I was blessed to carry twin girls for 3 more months.  That night in November when they turned... it was like a scene from Alien (seriously, I think my belly lifted up 3 inches as their heads went past).  Or those last few weeks, when they would both get hiccups (of course in an alternating rhythm).  I would not give up my time with my daughters for anything in the world.


Those memories, those 3 months, and knowing that I was NOT the one who took my children out of this world... these are the things that have gotten me through.  No, it has not been easy.  As a matter of fact, just this week has felt like ripping off a scab of a wound that was no where near healed.  I had no idea how much was still under the surface.


So, back to the march.  We live in a society where prenatal testing and diagnosis has gone to a dark place.  Instead of simply ensuring the health of a baby, it is used as a way to determine which kid will make the cut.  And the recommendation to abort... or terminate... or induce early.... or interrupt.... a rose by any other name still has thorns.  Women are too often told that a pregnancy is futile if their baby has a severe birth defect that is "incompatible with life."  Let's think about this one... so, you find out that your baby won't live... so, instead of finding a way to deal with this, to process it, and to make life-altering decisions, we just cut our losses?  Like ending a baby's life could actually make the pain of losing a baby any less?  Unfortunately, thousands of women regret this decision... whatever the reason for their abortion, it has caused them more pain than it saved them from.

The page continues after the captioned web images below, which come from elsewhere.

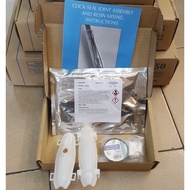 (S10)Legrand MEGAPOWER SGJS-P S10 CAST RESIN CABLE STRAIGHT JOINT/CABLE JOINT KIT 1.5mm-16mmx4C cabl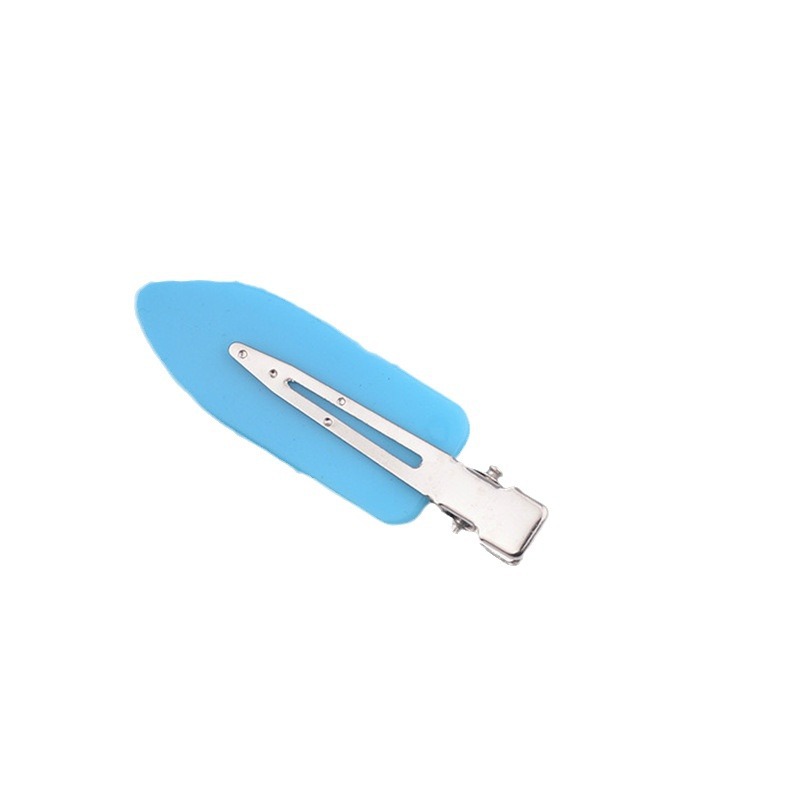 diy cream hair clips of the same style as Internet celebrities, summer side hair clips, bangs clips, small hair clips, and headwear wholesale Item Picture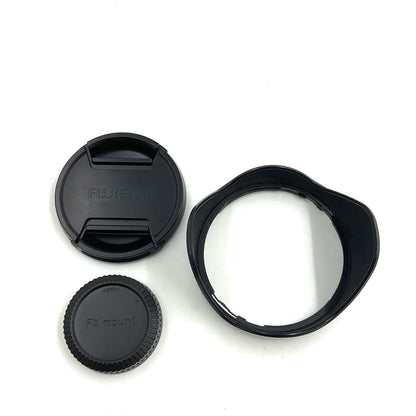 【全額返金保証】【最速発送】FUJIFILM XF16-55mm F2.8 R LM WR 動作確認済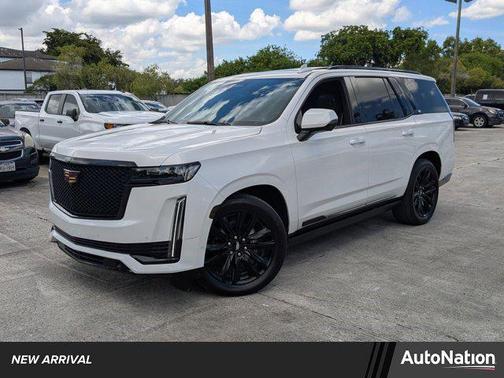 2022 Cadillac Escalade Sport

I want to share Abigail and Bethany's legacy.  To help others understand that every life is precious, even if it is disabled, deformed, or assured an all-to-early death.  And most of all, to help families understand the blessings, both in this life and in our eternal life, of continuing a pregnancy with a fatal diagnosis.  While there was nothing I could do to save the lives of either of my daughters, I can make sure that their lives were not in vain, and that they made more impact in their short lives than most people make in their full lives!!!


We have no regrets.  We did the best we could for our children.  It was out of our hands.  The concept that modern medicine is the answer to everything, that it can solve everything, denies that our Lord is in control.  By submitting to God's will, I have survived the most painful experience a parent can go through -- twice over.